What is your current role? Tell us a bit about your line of research
I am currently a postdoctoral fellow at the National Institute of Neurological Disorders and Stroke (NINDS), a part of the National Institutes of Health (NIH) in Bethesda, MD. My research focuses on the molecular mechanisms of autophagy as an intracellular route for pathogen defense and innate immunity. My current project aims to understand how activation of the STING pathway induces a unique form of lipidation that may mediate cell autonomous antiviral defense.
What are you excited about in science communication?
I am very excited about the progress we are making as a scientific community to achieve open access to our research world-wide. With this, I am also excited about the ongoing critical examination of the publication system and whether the current processes we use to disseminate our research are still effective in modern day for scientific progress. There are many initiatives now asking important questions and actually innovating feasible solutions to improve the way we share our research, such as through preprinting and open and collaborative peer review. As an early career researcher, this mass movement we are currently seeing very much encourages me that we will soon break through some critical barriers and achieve a more fair and open system for scientific communication.
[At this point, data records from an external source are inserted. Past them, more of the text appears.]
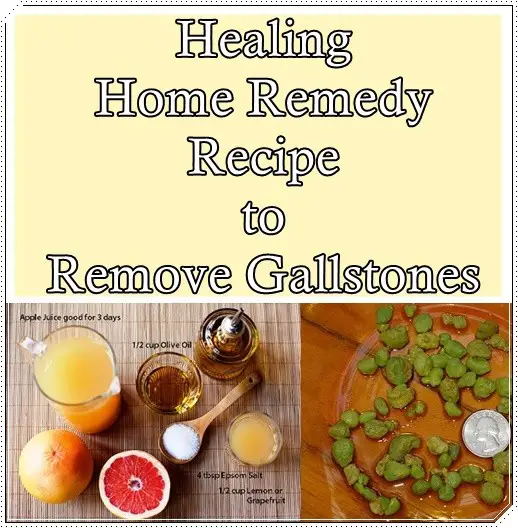 Healing Home Remedy Recipe to Remove Gallstones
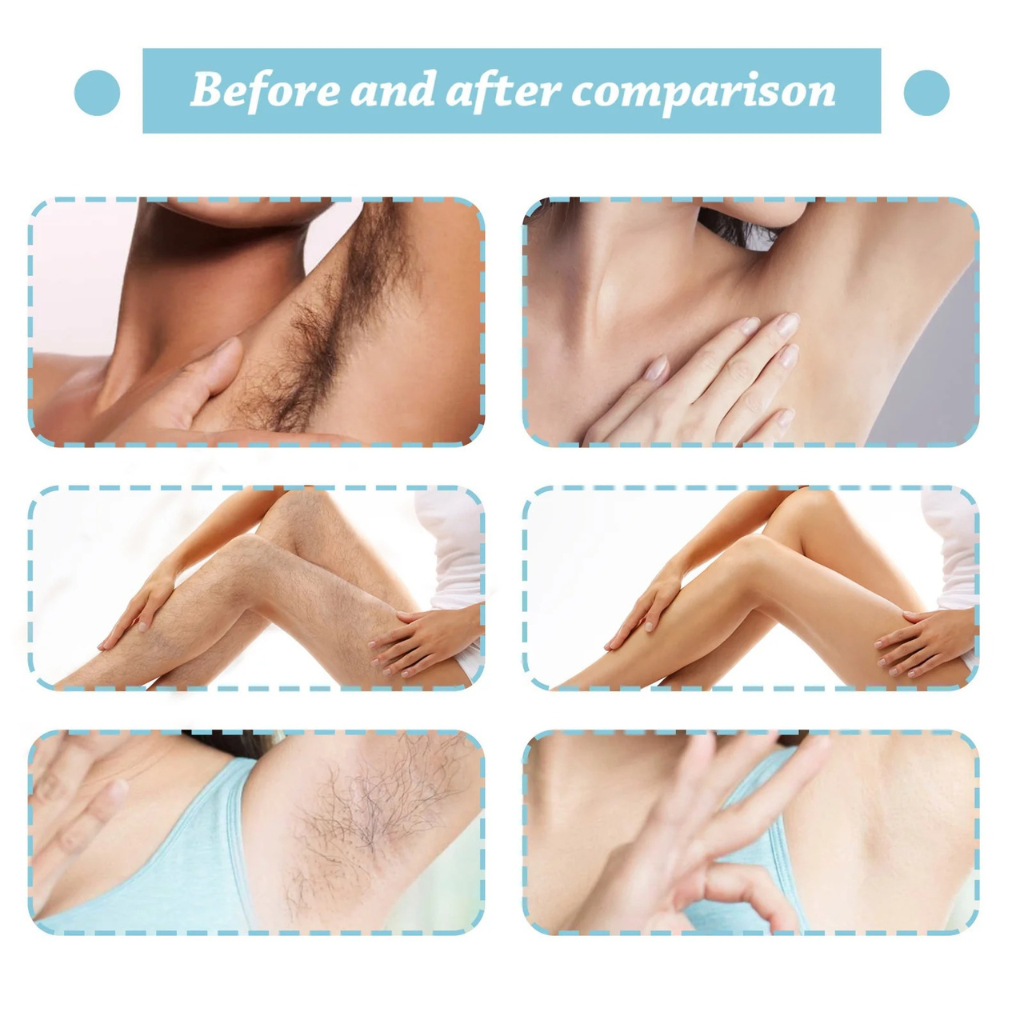 Painless Hair Removal Spray for Women & Men – Fast, Gentle, Plant Extract Formula for Legs, Arms, Underarms & Bikini (80ml)
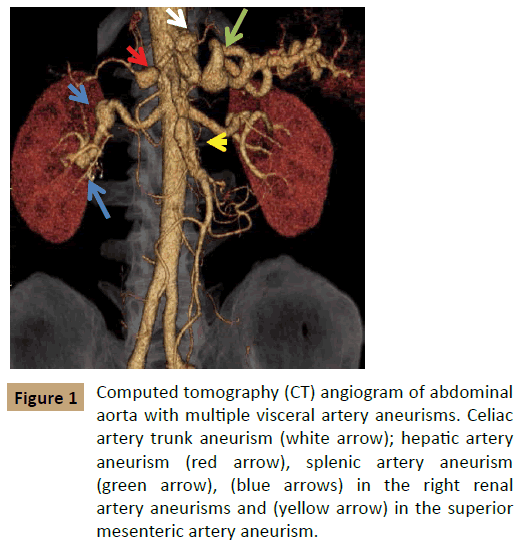 vascular-endovascular-surgery-Computed-tomography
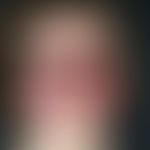 Systemic lupus erythematosus: multiple, chronic persistent, blurred, symmetrical, slightly burnin...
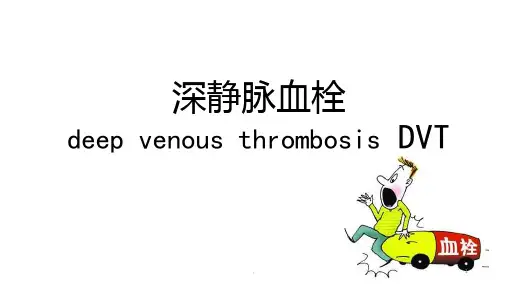 《深静脉血栓》PPT课件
Why did you choose to participate in the ASAPbio Fellows program?
ASAPbio is one of the organizations that is making real progress in preprinting as a solution to the barriers of open access and timeliness in our current publication process. I was interested in joining the Fellows program to learn more about preprinting and be a part of a community that is actively working towards resolving systemic issues that are impeding scientific progress. I have already learned more about how the current publication system works, how preprinting can improve scientific communication, and how I can help to affect change and adoption of preprints at the local level. I am happy to now be a part of such an enthusiastic, thoughtful community dedicated to open science through the Fellows program.
Ask me about…
Cell biology, microscopes, philosophy, in general, and philosophy of science, continual progress in society and science, coffee beans, all types of music.